A juíza Regina Lucia Chuquer, da 6ª Vara da Fazenda Pública, suspendeu, nesta terça-feira (20), os decretos da prefeitura municipal do Rio que implantaram medidas restritivas para frear o contágio por Covid-19 na cidade. No documento emitido, Regina declara que “retira a força obrigatória e a coercitividade” das ordens municipais.
Com essa decisão, fica autorizado: comércio de ambulantes, permanecer nas praias como lazer, funcionamento de boates e permanecer em vias públicas entre 23h e 5h.
"Nem mesmo uma pandemia gravíssima como a vivenciada na atualidade autoriza o cerceamento da liberdade individual de cada cidadão carioca, ao argumento da possibilidade de transmissão acelerada da doença ou mesmo da falta de vagas em hospitais", afirmou a magistrada.

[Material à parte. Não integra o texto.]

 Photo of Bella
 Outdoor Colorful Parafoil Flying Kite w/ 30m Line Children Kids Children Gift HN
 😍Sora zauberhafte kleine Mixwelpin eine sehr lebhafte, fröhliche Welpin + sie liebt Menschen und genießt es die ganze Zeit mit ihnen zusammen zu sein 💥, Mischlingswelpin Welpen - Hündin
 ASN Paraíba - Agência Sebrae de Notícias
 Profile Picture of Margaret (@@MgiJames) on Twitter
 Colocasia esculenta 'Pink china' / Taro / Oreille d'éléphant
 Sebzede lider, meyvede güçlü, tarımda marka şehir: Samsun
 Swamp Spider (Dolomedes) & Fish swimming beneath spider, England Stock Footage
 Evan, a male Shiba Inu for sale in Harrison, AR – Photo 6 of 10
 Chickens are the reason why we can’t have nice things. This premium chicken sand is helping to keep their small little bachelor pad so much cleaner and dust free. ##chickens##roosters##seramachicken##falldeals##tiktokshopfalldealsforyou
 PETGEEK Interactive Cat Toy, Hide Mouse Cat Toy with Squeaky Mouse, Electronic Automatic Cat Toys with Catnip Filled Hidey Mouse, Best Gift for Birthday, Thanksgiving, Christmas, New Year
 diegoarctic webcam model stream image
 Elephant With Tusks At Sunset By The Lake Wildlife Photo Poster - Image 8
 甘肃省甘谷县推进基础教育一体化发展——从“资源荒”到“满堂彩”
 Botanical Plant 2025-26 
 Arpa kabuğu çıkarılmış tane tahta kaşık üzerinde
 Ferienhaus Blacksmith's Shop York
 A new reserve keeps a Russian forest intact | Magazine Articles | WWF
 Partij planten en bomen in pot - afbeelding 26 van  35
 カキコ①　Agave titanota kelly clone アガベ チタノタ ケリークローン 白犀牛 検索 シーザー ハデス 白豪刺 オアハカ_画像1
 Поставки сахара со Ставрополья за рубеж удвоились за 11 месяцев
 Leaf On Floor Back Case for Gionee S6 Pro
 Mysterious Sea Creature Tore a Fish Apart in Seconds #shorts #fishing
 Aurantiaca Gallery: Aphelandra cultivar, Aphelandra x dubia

A Prefeitura se pronunciou em nota e informou que “a Procuradoria-Geral do Município ainda não foi notificada da ação e, uma vez confirmado o teor da decisão, vai recorrer", além de afirmar que a “legislação municipal segue vigente”.
Ação popular
O deputado estadual Anderson Moraes (PSL) criou uma ação popular pedindo a suspensão dos decretos. No ato, declarou que com a implantação das medidas restritivas, o município e o prefeito Eduardo Paes (DEM) violaram o “direito fundamental” da população carioca.
No documento, o deputado afirma inconstitucionalidade nas restrições pois impede a "locomoção e utilização de bens públicos de uso comum, e de bens da competência da União Federal". Após a decisão da juíza, Anderson comenta, ainda, que “os decretos foram arbitrários, abusivos e inconstitucionais “.